Task goal
Only one stretch of lines is wanted: the line with "Apartment for rent in Buziga Kampala" through the final line of the material. Restate it word for word, minus pictures.

The records
►

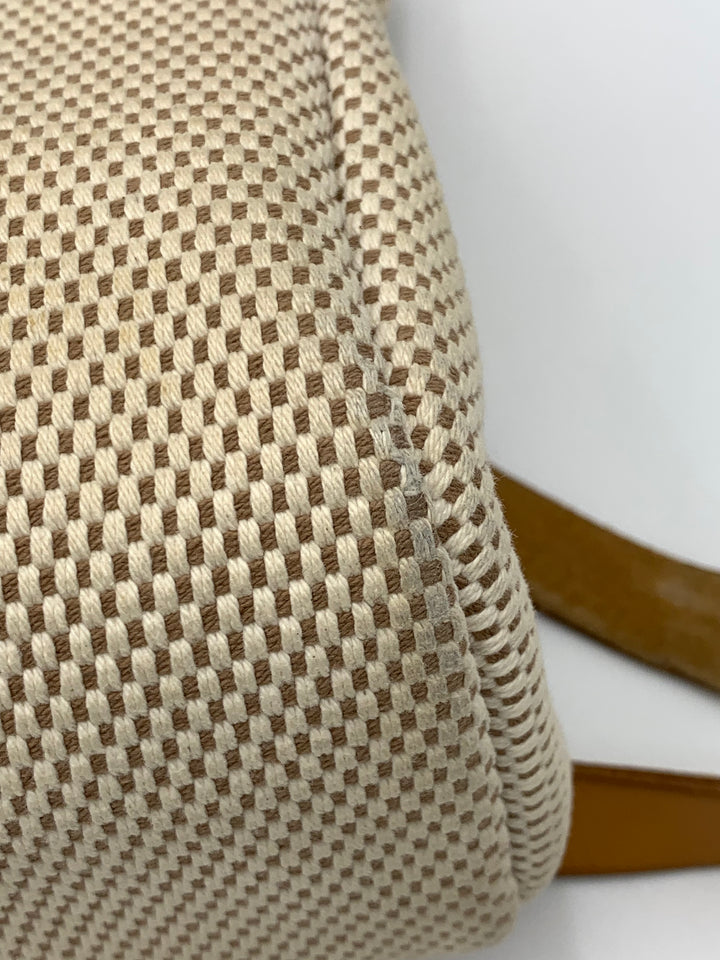 Hermès Herbag Backpack Sac A Dos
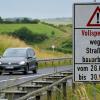 Die B 285 wird ab kommenden Montag von Stockheim bis zur Autobahnauffahrt gesperrt. Die Straßendecke des Zubringers wird komplett erneuert.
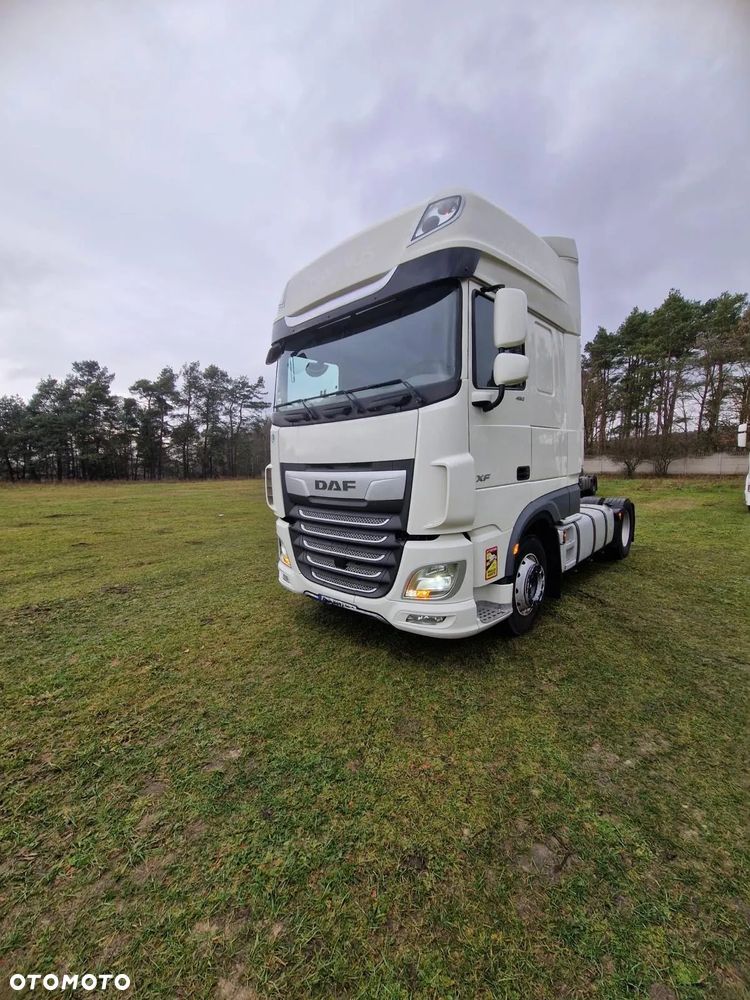 DAF XF - 2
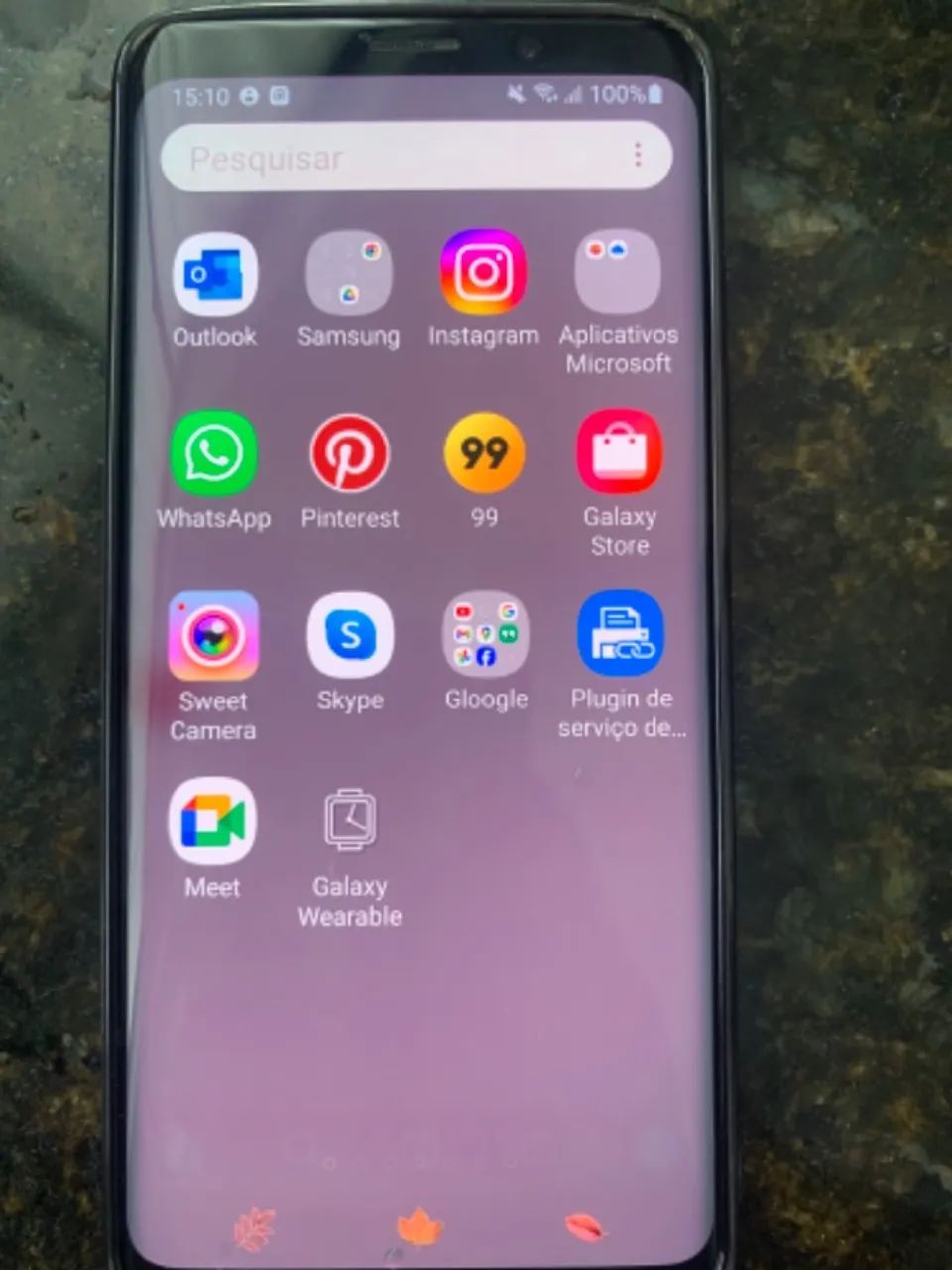 Samsung Galaxy S9 128Gb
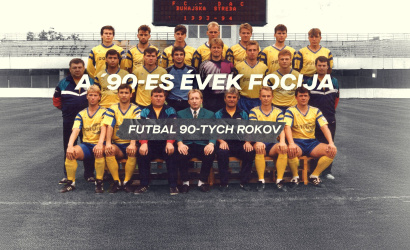 DAC 120: Futbal po zmene režimu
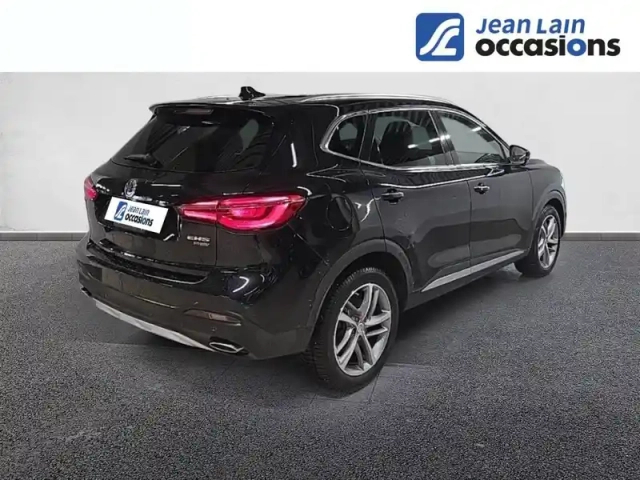 Mg Ehs 1.5t gdi phev — photo 5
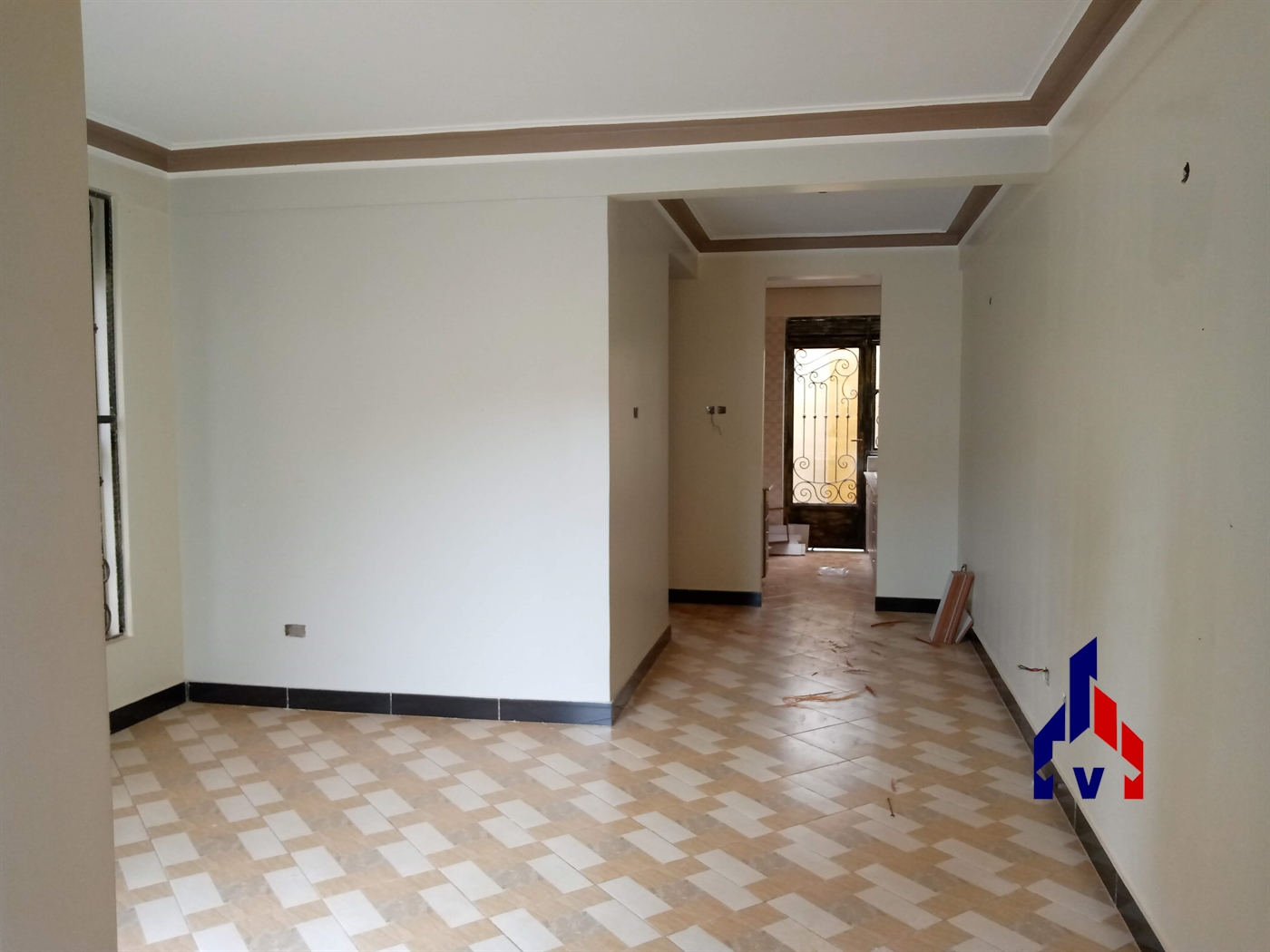 Apartment for rent in Buziga Kampala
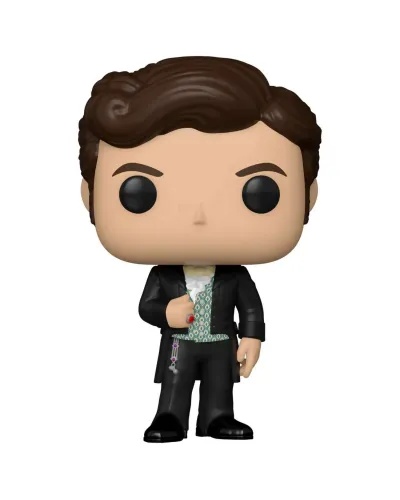 Фигурка Funko POP! TV Bridgerton Colin Bridgerton (1664) 72204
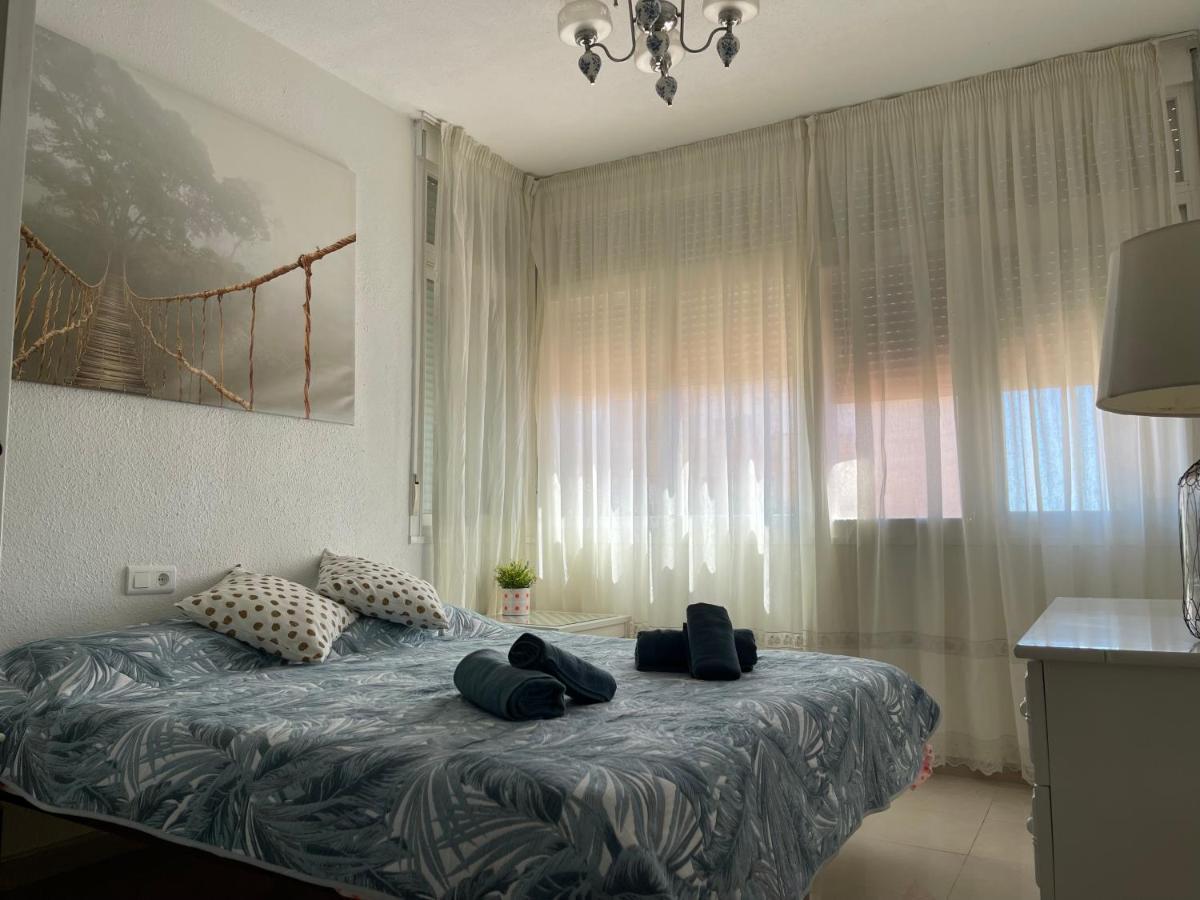 Home Away In The Heart Of Town Torremolinos Kültér fotó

◄

Solution to this problem
 Apartment for rent in Buziga Kampala
 Фигурка Funko POP! TV Bridgerton Colin Bridgerton (1664) 72204
 Home Away In The Heart Of Town Torremolinos Kültér fotó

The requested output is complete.